Tim Hecker - 'Virgins'

Tim Hecker - 'Virgins'

Nicole: Tim Hecker strikes again with the first taste of his next album out in October, Virgins: "Virginal II." Coming down from the high that Majical Cloudz intoxicated me with last weekend, my listening habits all week have gone in a serious, borderline creepy direction. This Hecker track is no less haunting -- the chime-like piano loop in the beginning sounds straight out of a murder scene, then fuzzes out into a beautiful, rhythmic churning of synths. Calling himself both a musician and sound artist, Tim Hecker has worked with Brooklyn-based experimental artist Daniel Lopatin (Oneohtrix Point Never), and has also remixed Isis, so I imagine that he would make for a great movie score composer, if he hasn't done so already.

Ben: This week felt like a big one for new albums, but so far it's Disappears' Era that has caught the bulk of my attention. "Power" is a monster of a song, a heavy slab of convulsing gloom-Kraut. The guitar tone here is fucking spectacular -- whatever combination of pedals sculpted this sound, it's a winning formula -- and it's well-paired with Brian Case's deep snarl. The Chicago band's upcoming show at The Chapel with Weekend and Wymond Miles now seems like even more of a must-attend than it was before.

Jason: Every once in awhile, Russell Jelinek will send me an email about a new band or track that he thinks I'd be interested in, even if he doesn't have the bandwidth to write about it, and I got one of those emails again last week, this time about New Bums, the new project from Ben Chasny (Six Organs of Admittance) and Donovan Quinn. Once again, Russell pegged my musical tastes -- all week, I've been listening to "The Killers and Me", the maddeningly short opening track off the duo's debut Slim Volume 7-inch, and can't wait to get my hands on a copy of the actual vinyl. Listen to the track below, and try not to get too angry when it cuts out after a downright Tony Molina-esque one minute and forty-one seconds.
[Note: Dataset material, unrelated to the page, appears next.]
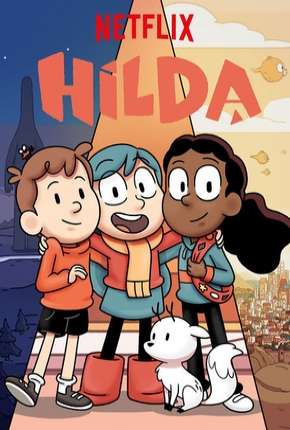 Baixar Hilda - 1ª Temporada Completa Torrent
Zack: Last night, I managed to somehow end up in Los Angeles at a designer boutique for an invite-only listening party to celebrate the forthcoming release of Chelsea Wolfe's newest LP, Pain Is Beauty (due out September 3 on Sargent House). About as scene as it can get (think tattoos and expensive black clothes and free, low-quality wine), and the album, from what I could make out amidst the chatter, is a gloomy and sweeping affair with the Sacramento native's haunting vocals laid overtop. Now living in Los Angeles, Wolfe's Sacramento origin is enough to keep me rooting for her — for everyone else, it looks like there's a damn good album on the horizon.